* **Source data**:

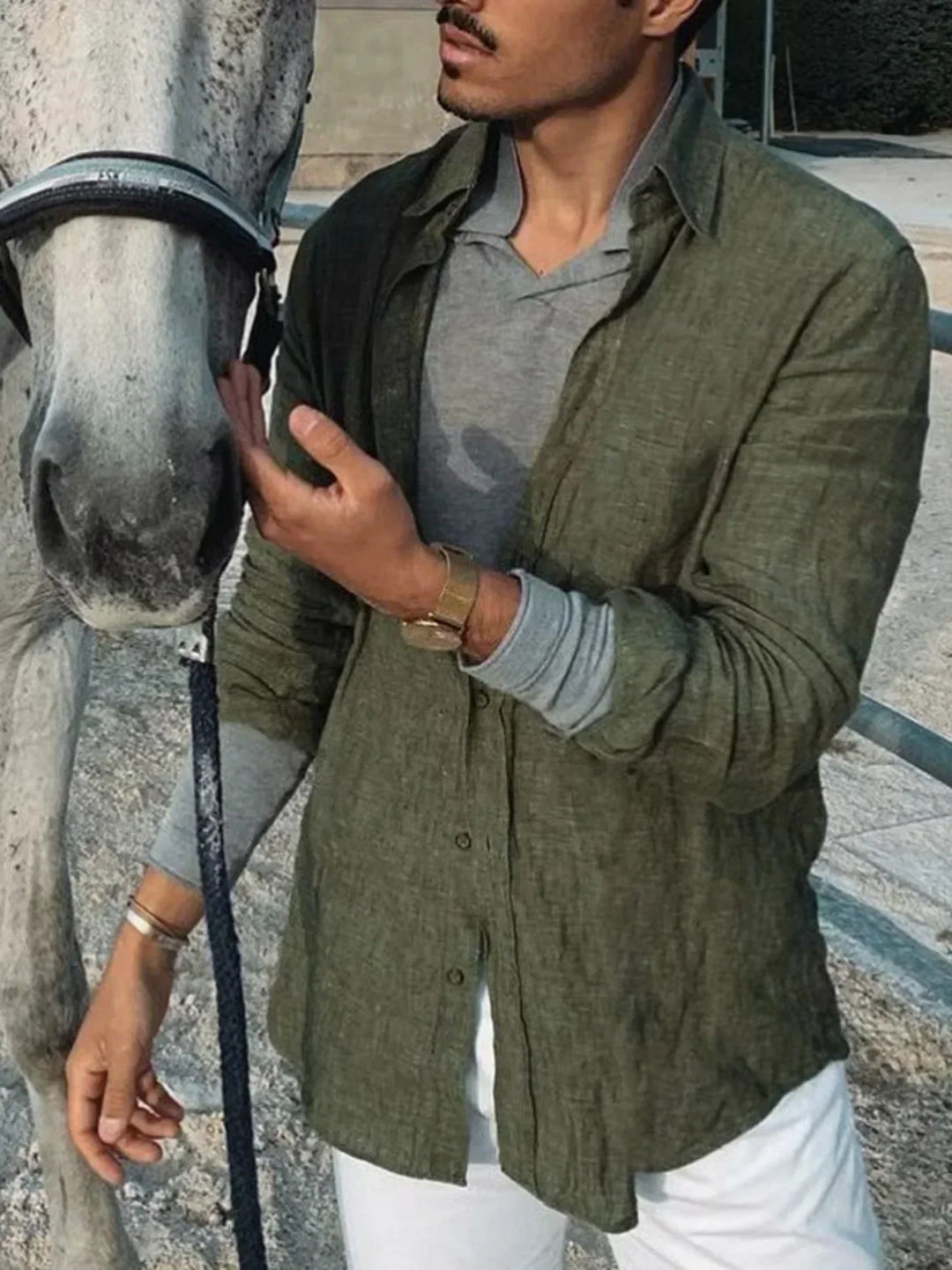 Versatile men's casual button-down shirt. Lightweight linen, long sleeves rolled up for warm weather style.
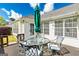 Outdoor patio with furniture including a glass table, chairs, and large green umbrella at 11970 Fairway Overlook, Fayetteville, GA 30215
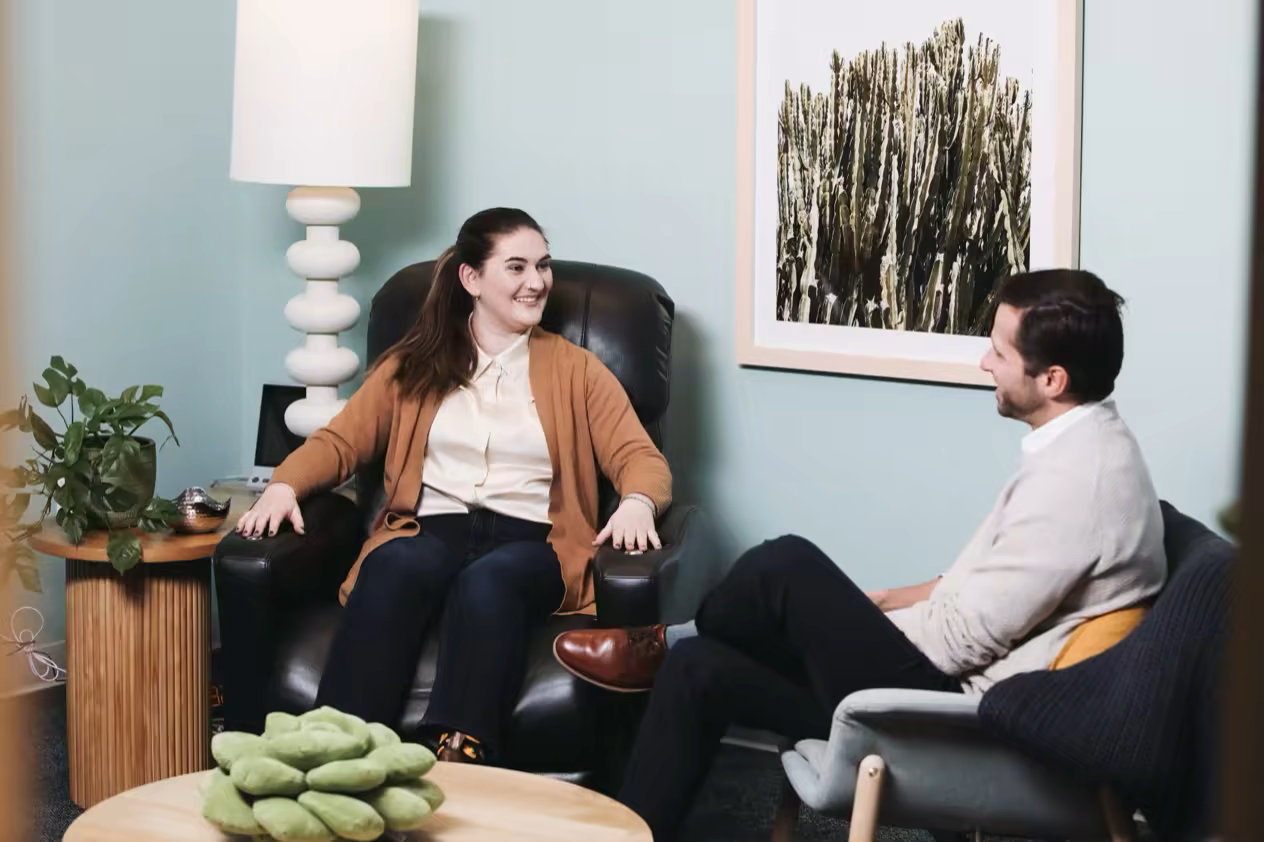 Patient and provider discussing options in a teal treatment room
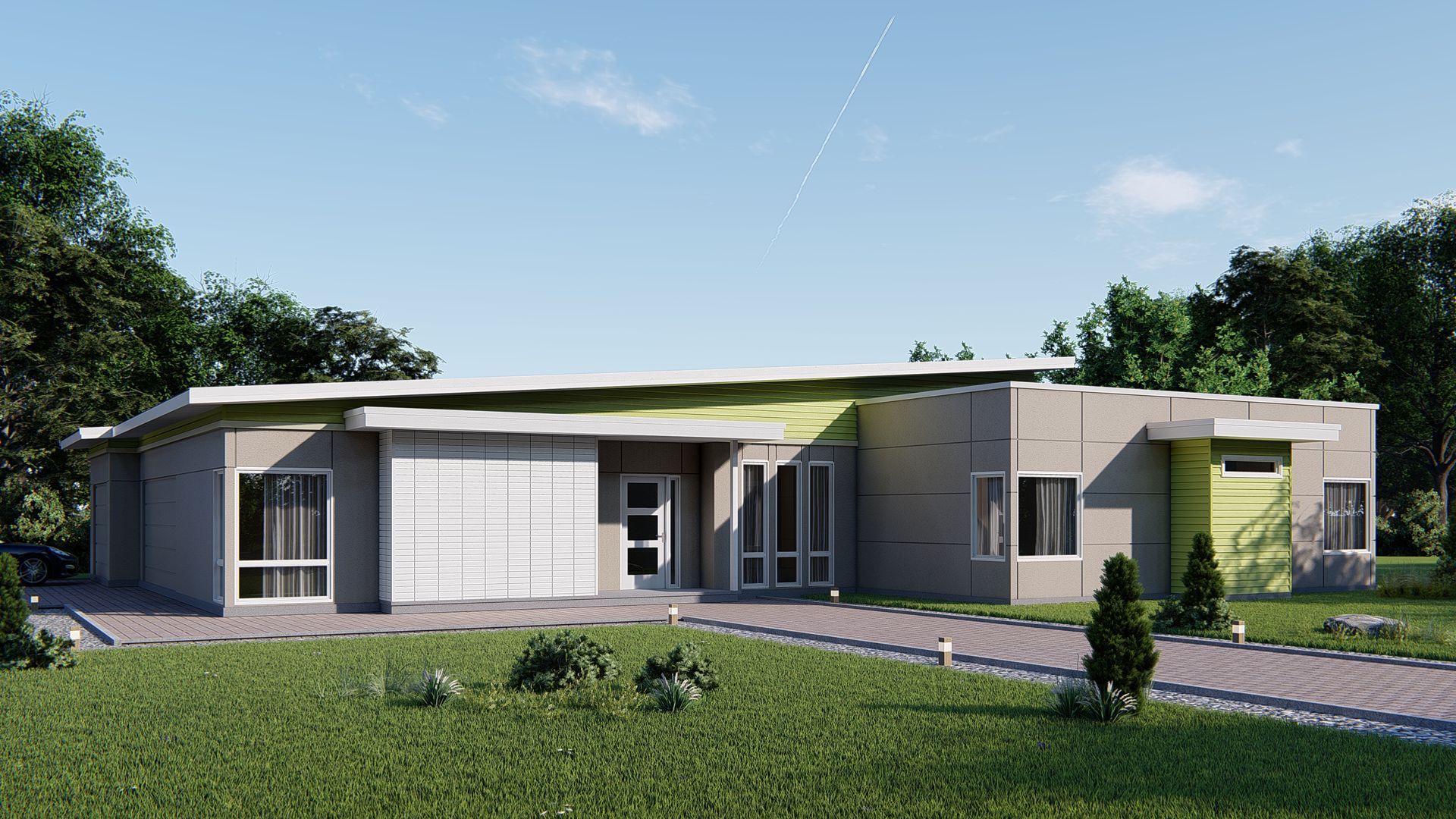 A modern house with a lot of windows is sitting on top of a lush green field.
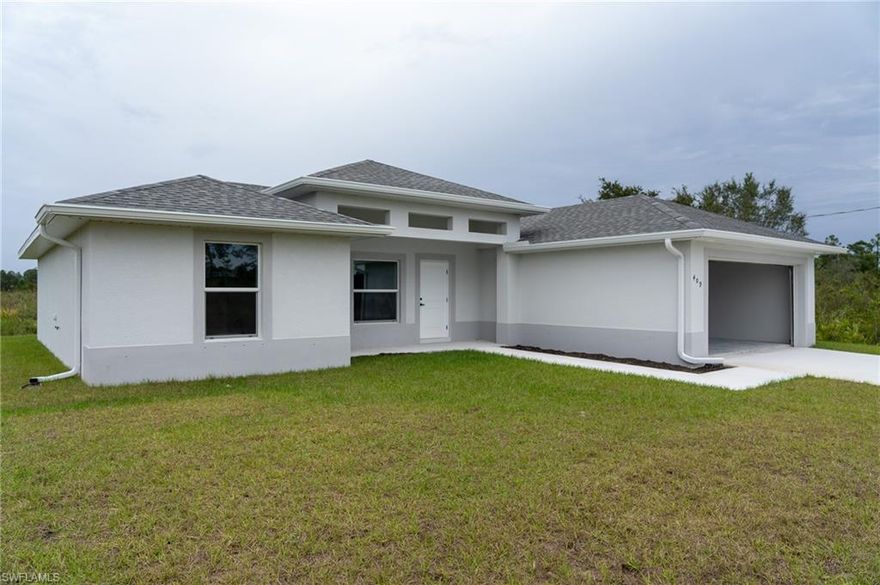 Step into a world of modern elegance with this brand-new construction home, perfectly situated in the lively and growing community of Lehigh Acres! Spanning a generous 1,200 square feet of thoughtfully designed living space, this residence transforms everyday moments into pure joy. Discover 3 inviting bedrooms—including a luxurious primary suite with ample room to unwind—alongside 2 immaculate bathrooms. Highlights include sleek tile flooring throughout, LED lighting that brightens every corner, abundant natural light pouring in from large windows, a spacious driveway for easy parking, and a expansive backyard ideal for outdoor gatherings, gardening, or simply soaking up the Florida sun. At the center of it all is a gourmet kitchen equipped with premium stainless-steel appliances, perfect for whipping up family meals or entertaining guests. The open-concept living areas blend minimalist sophistication with warm, cozy vibes, creating a serene retreat where relaxation comes naturally. Just minutes from schools, convenient supermarkets, and major highways for effortless commuting. Embrace a seamless lifestyle with all essentials right at your doorstep. This turnkey home comes fully equipped with all major appliances, including a refrigerator, stove, dishwasher, microwave, washer, and dryer connections. Don't miss your chance to make this dream your reality—welcome home!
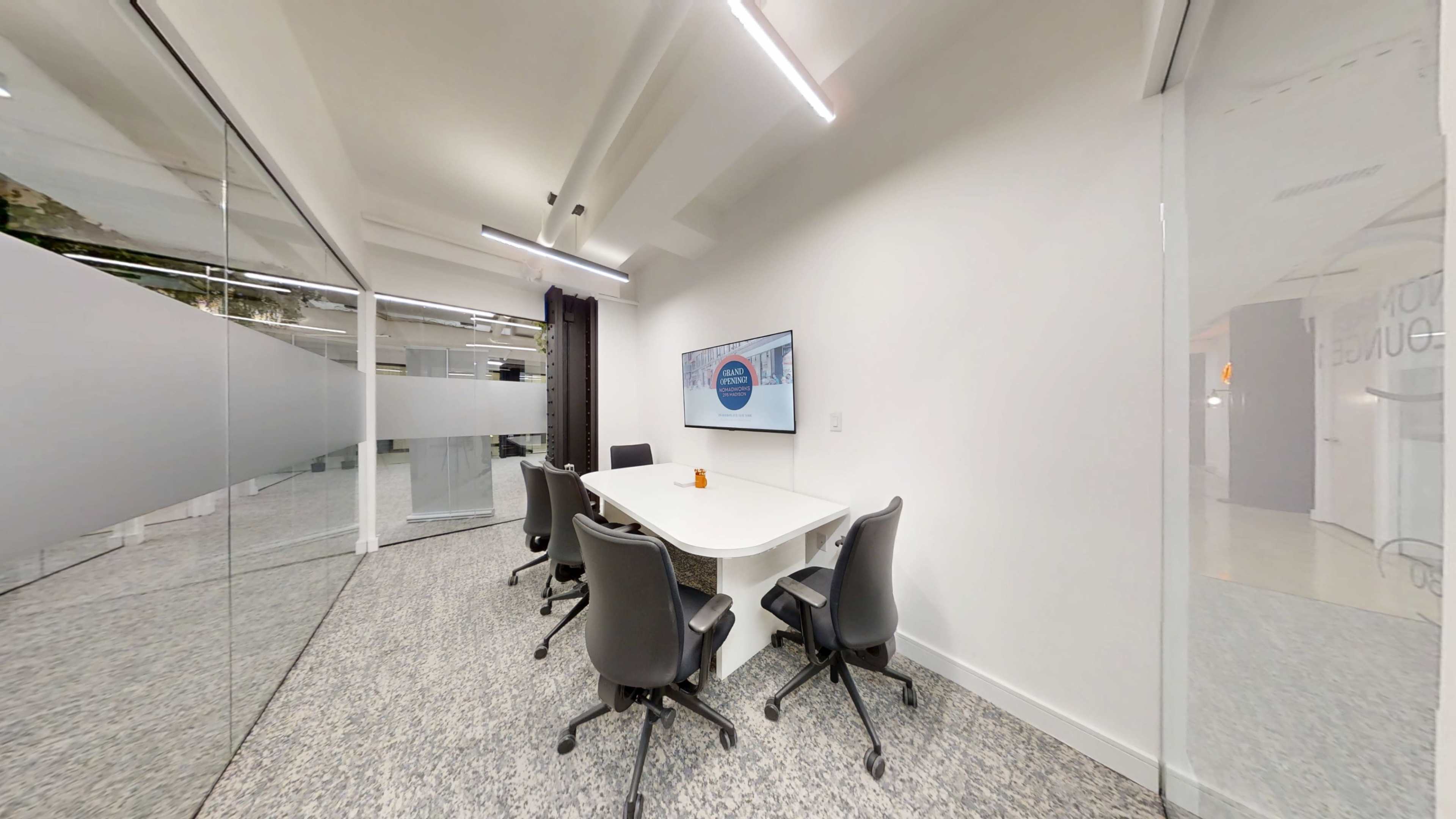 The image shows a modern conference room with a white table, four black chairs, and a wall-mounted screen displaying a presentation.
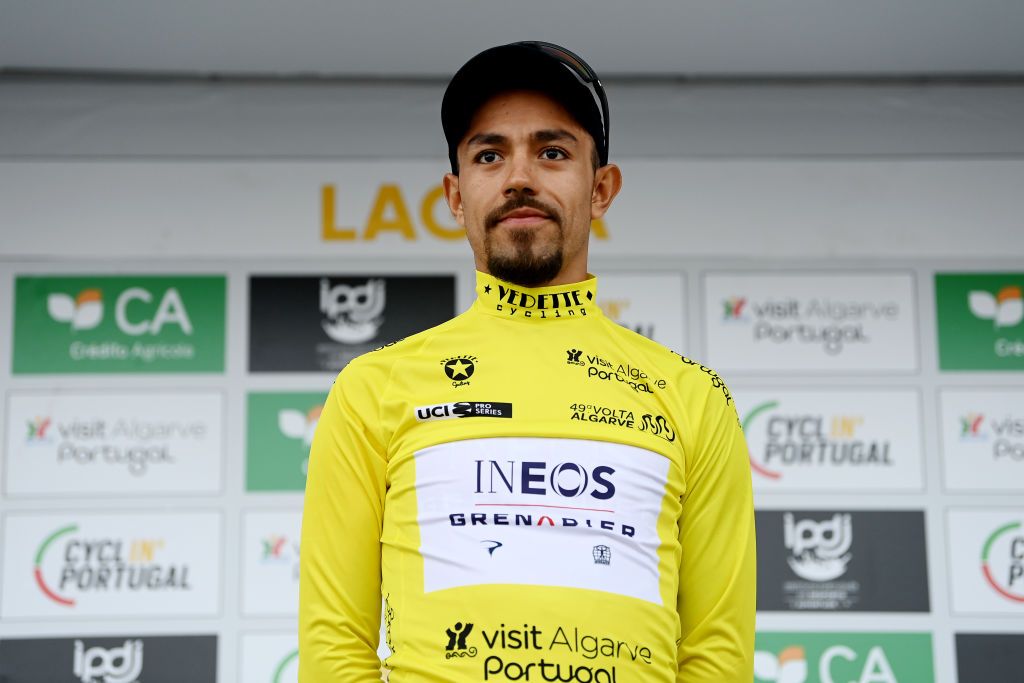 LAGOAPRAIA DO CARVOEIRO ALGARVE PORTUGAL FEBRUARY 19 Daniel Martinez of Colombia and Team INEOS Grenadiers celebrates at podium as Yellow Leader Jersey winner during the 49th Volta ao Algarve em Bicicleta 2023 Stage 5 a 244km individual time trial stage from Lagoa to Lagoa VAlgarve2023 on February 19 2023 in Lagoa Algarve Portugal Photo by Tim de WaeleGetty Images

* **The problem**: Set down all of the entries precisely and keep the pictures out of the copy.

* **Answer section**:
 Versatile men's casual button-down shirt. Lightweight linen, long sleeves rolled up for warm weather style.
 Outdoor patio with furniture including a glass table, chairs, and large green umbrella at 11970 Fairway Overlook, Fayetteville, GA 30215
 Patient and provider discussing options in a teal treatment room
 A modern house with a lot of windows is sitting on top of a lush green field.
 Step into a world of modern elegance with this brand-new construction home, perfectly situated in the lively and growing community of Lehigh Acres! Spanning a generous 1,200 square feet of thoughtfully designed living space, this residence transforms everyday moments into pure joy. Discover 3 inviting bedrooms—including a luxurious primary suite with ample room to unwind—alongside 2 immaculate bathrooms. Highlights include sleek tile flooring throughout, LED lighting that brightens every corner, abundant natural light pouring in from large windows, a spacious driveway for easy parking, and a expansive backyard ideal for outdoor gatherings, gardening, or simply soaking up the Florida sun. At the center of it all is a gourmet kitchen equipped with premium stainless-steel appliances, perfect for whipping up family meals or entertaining guests. The open-concept living areas blend minimalist sophistication with warm, cozy vibes, creating a serene retreat where relaxation comes naturally. Just minutes from schools, convenient supermarkets, and major highways for effortless commuting. Embrace a seamless lifestyle with all essentials right at your doorstep. This turnkey home comes fully equipped with all major appliances, including a refrigerator, stove, dishwasher, microwave, washer, and dryer connections. Don't miss your chance to make this dream your reality—welcome home!
 The image shows a modern conference room with a white table, four black chairs, and a wall-mounted screen displaying a presentation.
 LAGOAPRAIA DO CARVOEIRO ALGARVE PORTUGAL FEBRUARY 19 Daniel Martinez of Colombia and Team INEOS Grenadiers celebrates at podium as Yellow Leader Jersey winner during the 49th Volta ao Algarve em Bicicleta 2023 Stage 5 a 244km individual time trial stage from Lagoa to Lagoa VAlgarve2023 on February 19 2023 in Lagoa Algarve Portugal Photo by Tim de WaeleGetty Images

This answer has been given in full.